Hubo un tiempo en el que derribaba todas mis paredes por amor.
Creía que amar era dejar la puerta abierta, aunque al otro lado no siempre hubiera alguien esperando.
Que si mostraba todas mis heridas, la otra persona querría quedarse a curarlas.
Pero no siempre fue así.
Aprendí, a base de golpes, que hay quien no entra para quedarse, sino para marcharse cuando más duele.
Que hay quien confunde tu entrega con debilidad, tu amor con obligación, tu paciencia con permiso para hacer daño.
Por eso, ya no derribaré las mismas paredes.
No porque no quiera volver a amar, sino porque ahora sé lo que cuesta reconstruirse.
Ahora sé que mi corazón no es un lugar para visitas temporales, ni para amores que solo están cuando les conviene.

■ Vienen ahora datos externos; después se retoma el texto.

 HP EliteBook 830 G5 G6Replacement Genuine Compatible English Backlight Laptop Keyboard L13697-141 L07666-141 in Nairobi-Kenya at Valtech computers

Las paredes que ya no derribaré son las que me protegen de volver a perderme a mí mismo.
Las que me recuerdan que no puedo entregarlo todo a quien no ofrece ni la mitad.
Las que me enseñan que amar no es aguantarlo todo con tal de no estar solo.
Porque quien quiera llegar de verdad, lo hará sin exigirme que me destruya para abrirle la puerta.
Y se quedará, no porque no tenga barreras, sino porque sabrá cruzarlas con cuidado, con respeto, con la certeza de que no está aquí para lastimar.
“Hay paredes que no son para alejar a nadie… son para proteger lo poco que queda en pie.”